To its credit, Maingear delivers a full complement of additional accessories and components on the Shift that does sweeten the deal a bit. Every possible permutation of connection is offered on this system–including two USB ports, a FireWire 400 port, and a multiformat card reader on the system’s front, as well as three HDMI ports, three DisplayPort connections, eight USB ports, two gigabit ethernet ports, one eSATA port, one FireWire 400 port, and integrated 7.1 surround sound on the system’s rear. The Shift’s single optical drive is a Blu-ray burner–I would expect nothing less at this price, although it’s a shame to see the Shift come with no fancy input devices of any sort.
The beautiful wiring job on the inside of this monster-size, full-tower chassis is a sight to behold, in that there are…virtually no wires to look at.
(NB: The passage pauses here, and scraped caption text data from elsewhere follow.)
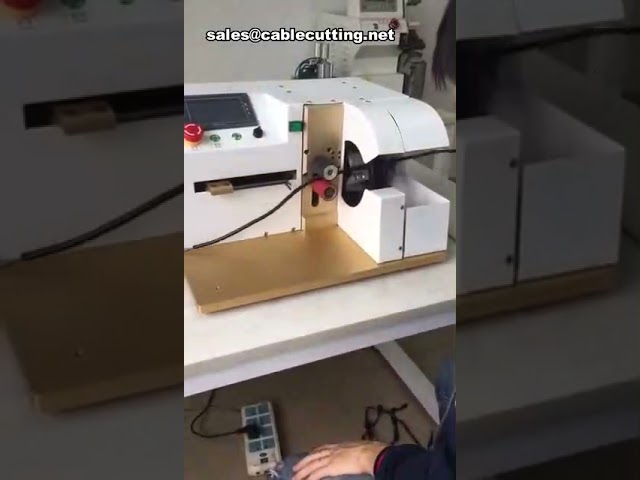 Máquina de Bobinado de Cinta Aislante para Cables | Equipo de Encintado Automático de Alta Precisión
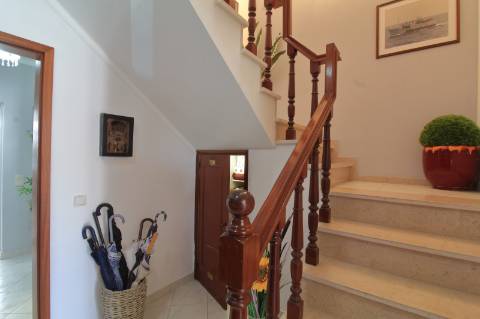 Moradia T4 Geminada com Garagem em Fuzeta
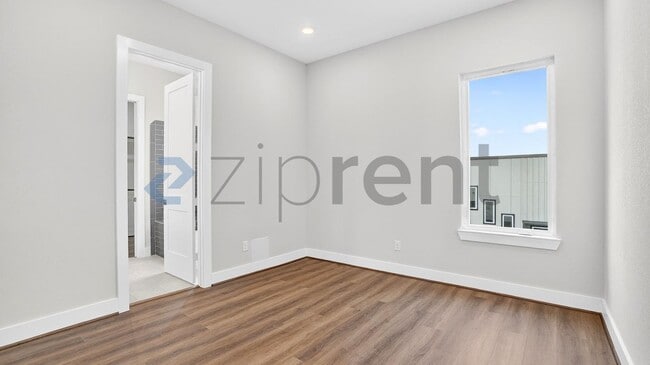 Building Photo - 4413 Anthony Ct Ln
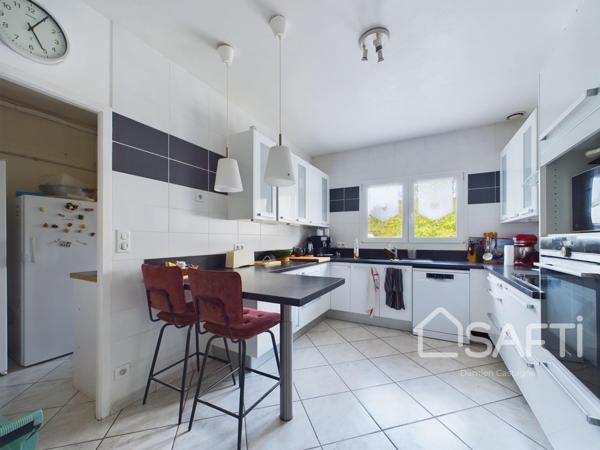 Maison 4 chambres piscine garage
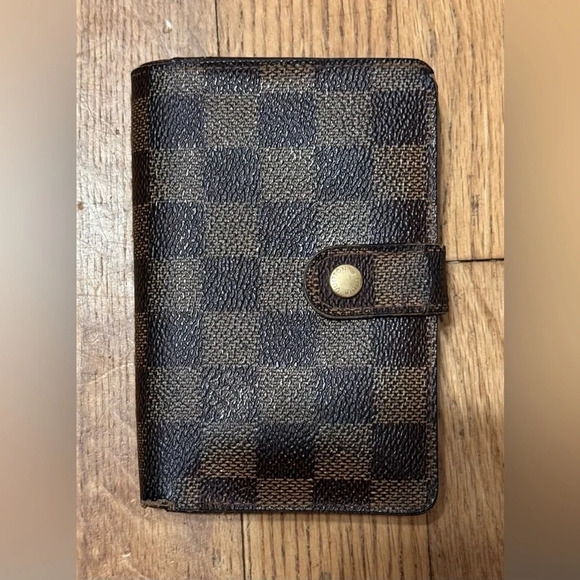 Louis Vuitton Damier Ebene Kiss Lock French Wallet and Box - Picture 2 of 12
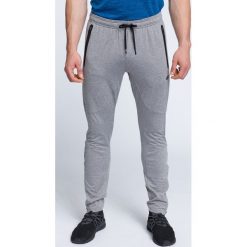 Spodnie treningowe męskie SPMTR200 - średni szary melanż. Legginsy sportowe męskie marki 4f. W wyprzedaży za 99.99 zł.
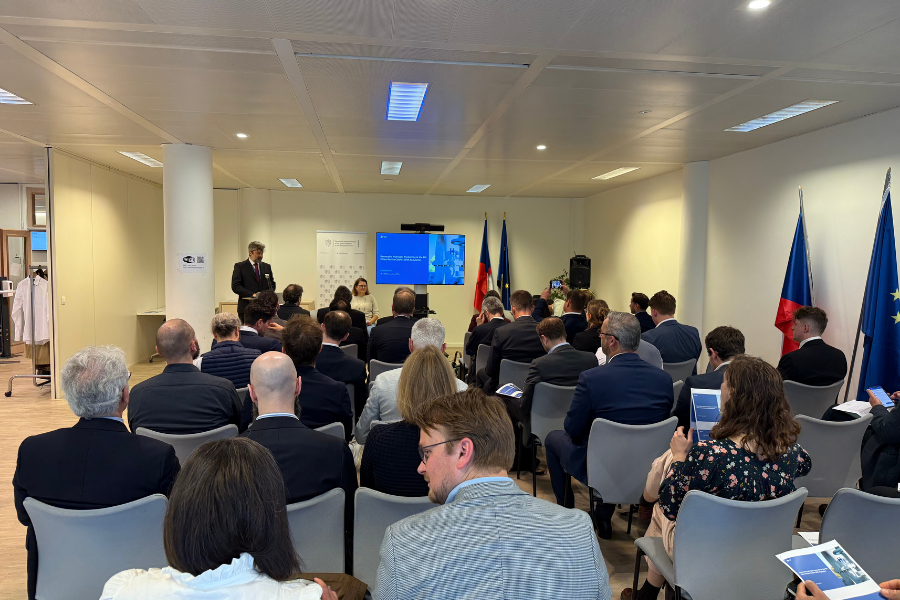 Společnosti ze šesti zemí v čele s Českem žádají EU o zmírnění pravidel výroby obnovitelného vodíku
This makes tinkering with the Maingear’s insides a seamless, frustration-proof process. The Shift’s four free hard drive bays lock into place using trays, and the system’s three free 5.25-inch bays use huge a button to snap your components into place. One complaint: The case has only a single PCI Express x1 slot for motherboard cards–and good luck wedging a PCI card into place in an area that’s dominated by the Shift’s huge video cards.
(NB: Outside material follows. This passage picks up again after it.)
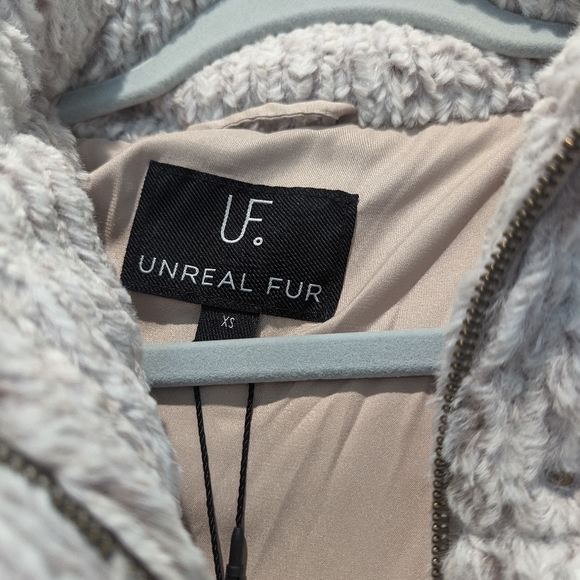 UNREAL FUR CLOSE-KNIT PUFFER JACKET - Picture 4 of 10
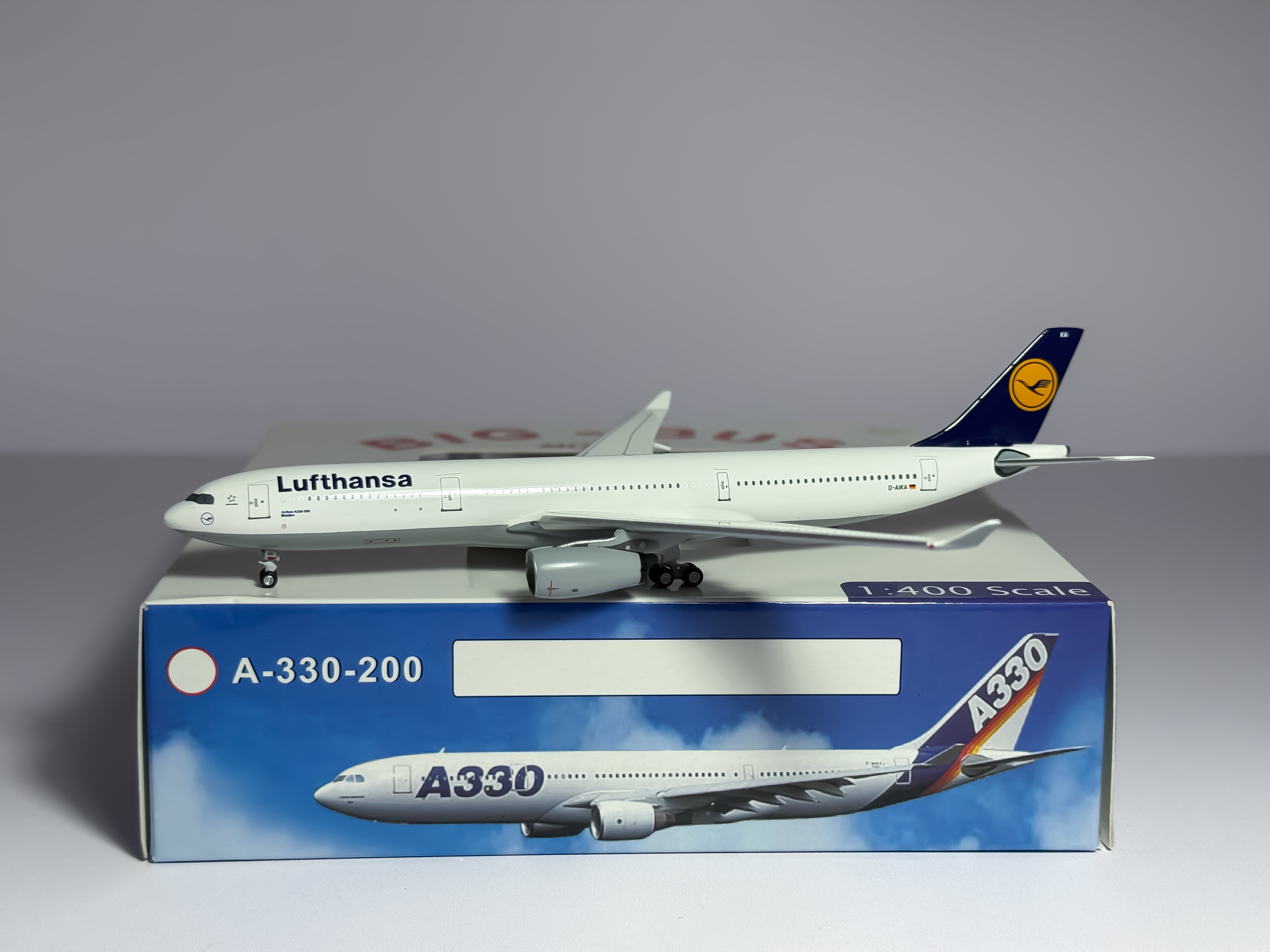 Lufthansa Airbus A330-300 1:400 Aeroclassics D-AIKA (ACDAIKA)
The PC’s case looks as smooth as silk, perfectly unadorned by any fancy external trappings or eye-catching glitz. The entire system itself is vertically mounted, in that the motherboard connections you usually find on the rear of a system are on the Shift’s top. It’s a unique design that improves the accessibility of these connections. A grilled top preserves the airflow of the chassis and conceals unsightly wires. It’s a great way to eliminate unnecessary distractions in this otherwise beautiful box of a system.
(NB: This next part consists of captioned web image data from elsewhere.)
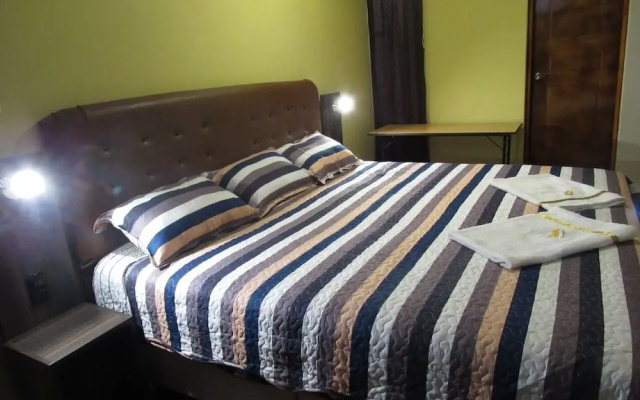 Hotel Sueños Dorados
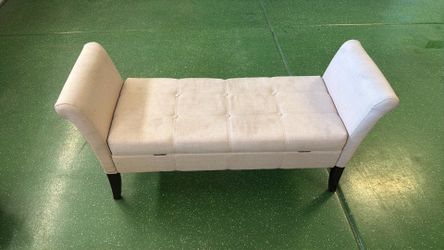 Indoor storage bench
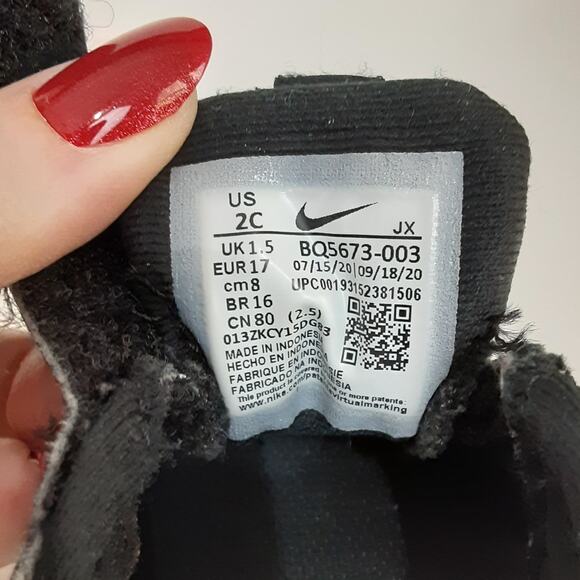 Nike Revolution 5 Black Slip On Sneakers Toddler 2C Running Shoes Gender Neutral - Picture 8 of 8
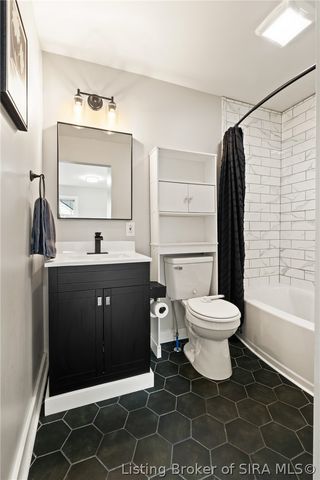 345 Oriole Drive, Charlestown, IN 47111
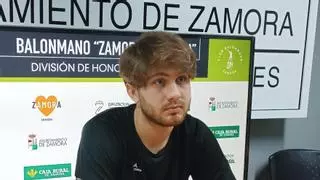 Víctor Peinado, jugador del Balonmano Zamora Enamora: "Tenemos nivel para ganar a cualquiera"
Maingear’s Shift takes a number of dramatic steps forward in the world of high-performance computing. From its tricked-out load-out, to its dominating graphics performance, to its interior and exterior that are as pretty as they are easily accessible, it’s hard to find much fault with this well-designed system. But not everyone can easily afford this Lamborghini of power PCs. Of course, you could build a comparable system for less than the Shift’s $7000 asking cost, but you’ll never be able to get the kind of TLC that’s been built into this beautiful monster.